* _Required action_: From the line containing "lightly sweetened cereal" to the end of the records below, both included, every line should be repeated exactly; pictures should be dropped.

* _Materials provided_:
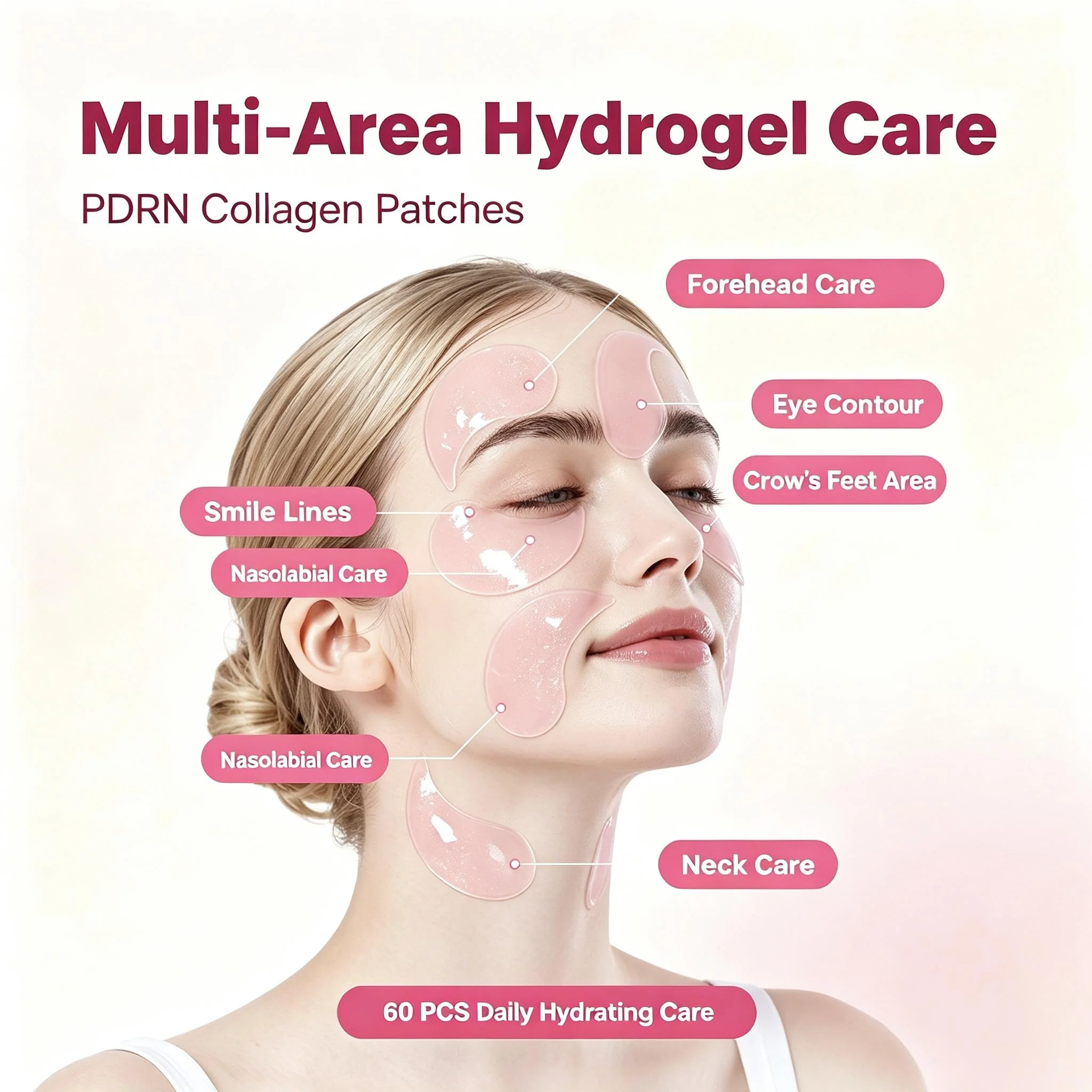 Korean Hydrogel Eye Masks with Collagen - Image 2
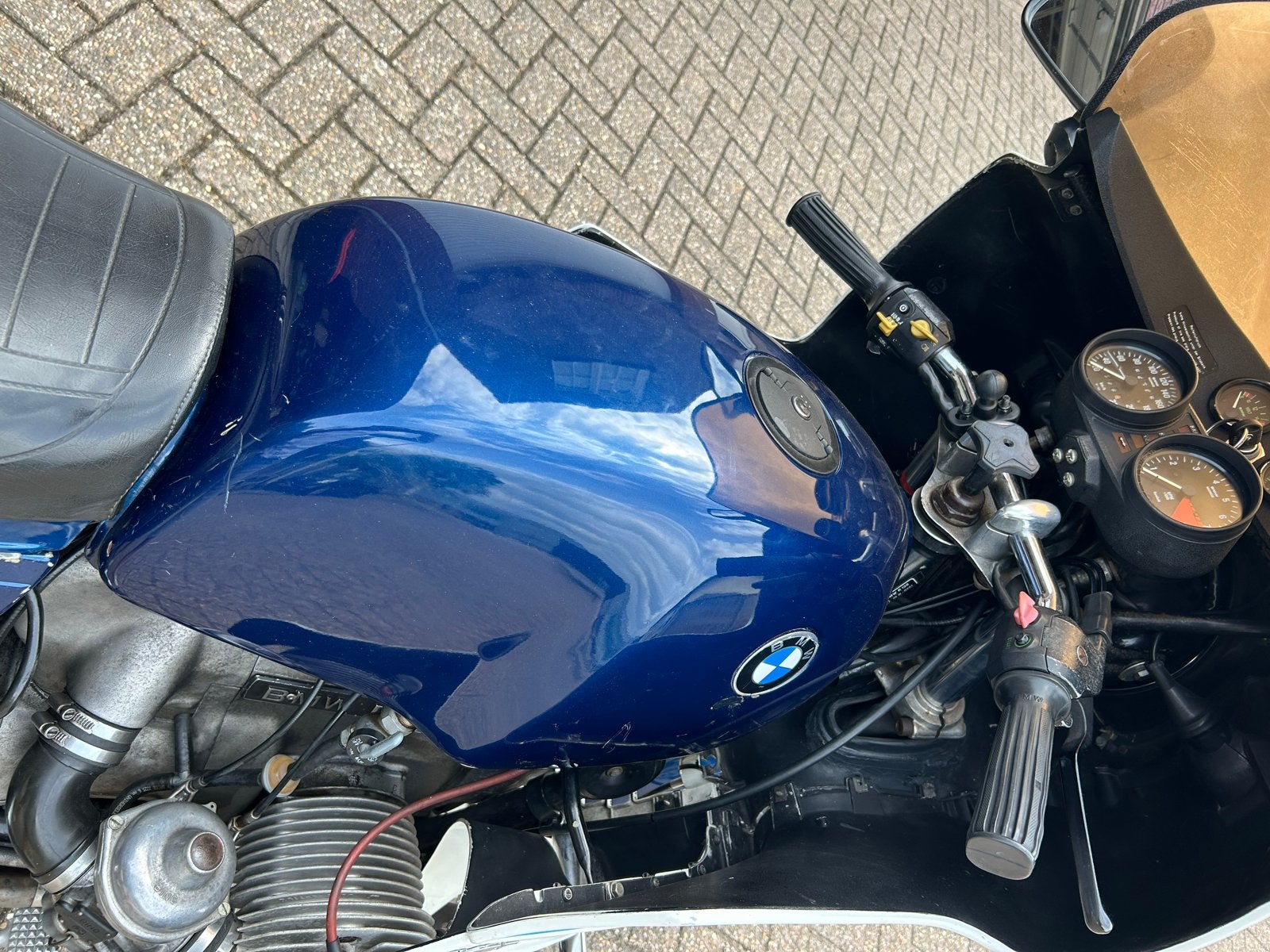 Foto 17 van BMW R100 RS - 1977 - Nieuwe accu, gereviseerde voorvorken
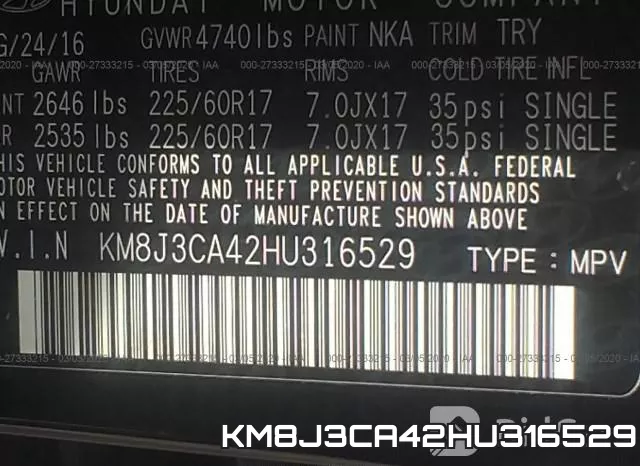 KM8J3CA42HU316529 фото 10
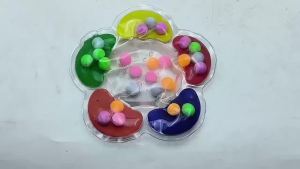 Montessori 5-Color Sorting Sensory Toy for Kids Educational Learning Game with Colorful Balls for Fine Motor Skills Development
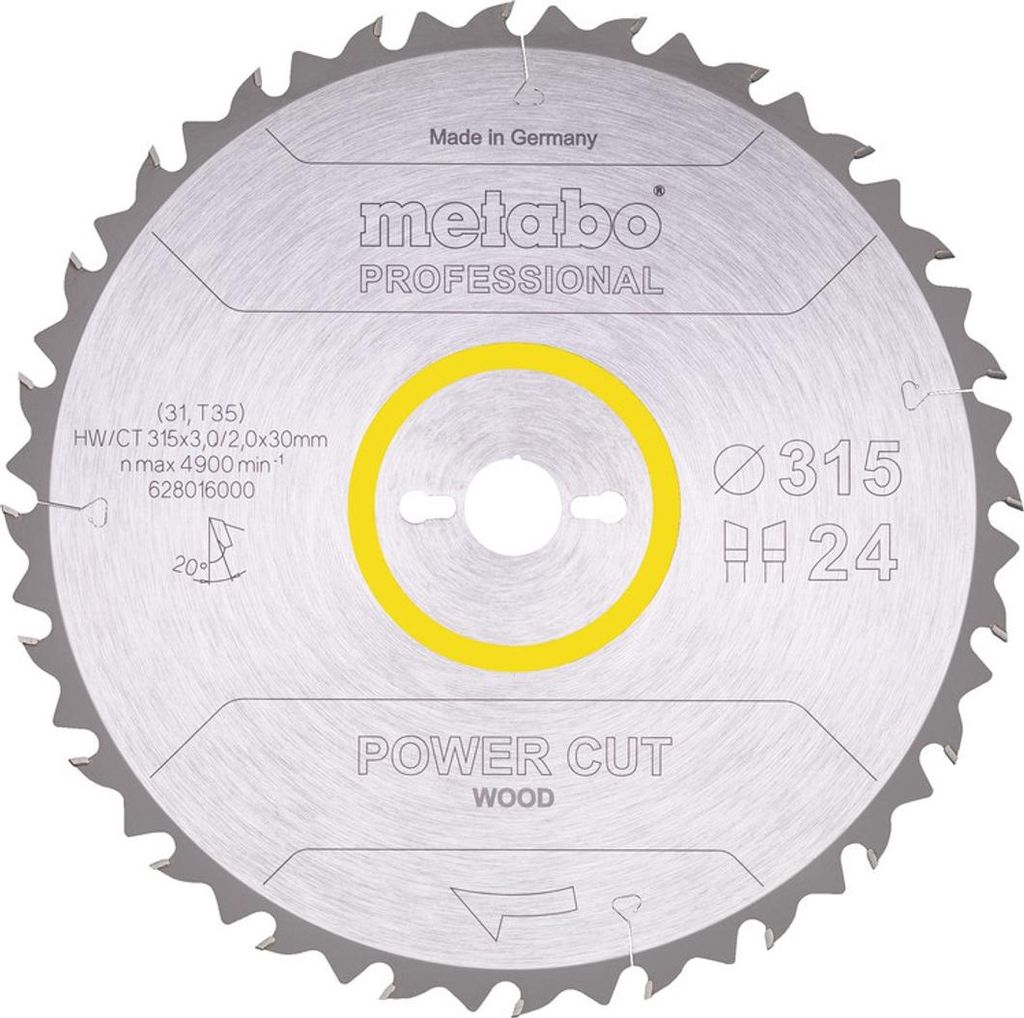 METABO 628016000 Kreissägeblatt 315 mm 1 St.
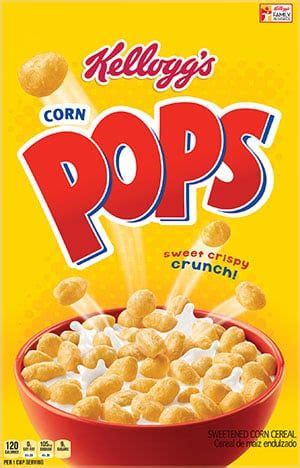 lightly sweetened cereal simply popped  real corn corn pops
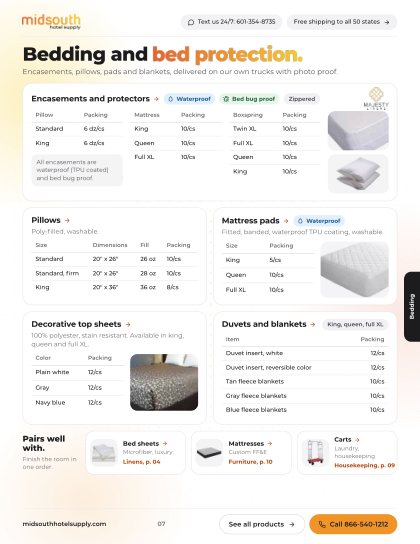 Bedding page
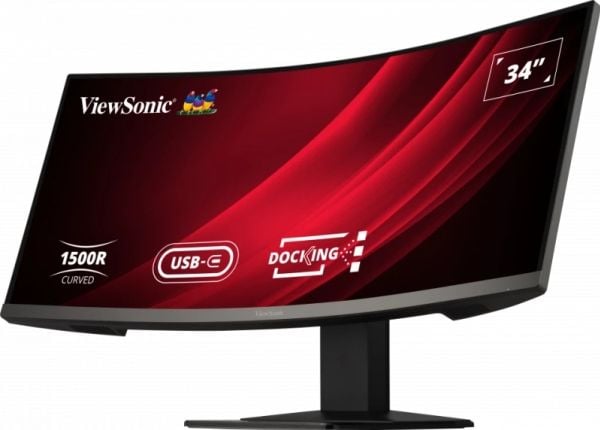 Viewsonic Display VG3419C, 86,4 cm (34"), 3440 x 1440 piksler, UltraWide Quad HD, LED, 3,5 ms, Svart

* _Response to the task_:
 lightly sweetened cereal simply popped  real corn corn pops
 Bedding page
 Viewsonic Display VG3419C, 86,4 cm (34"), 3440 x 1440 piksler, UltraWide Quad HD, LED, 3,5 ms, Svart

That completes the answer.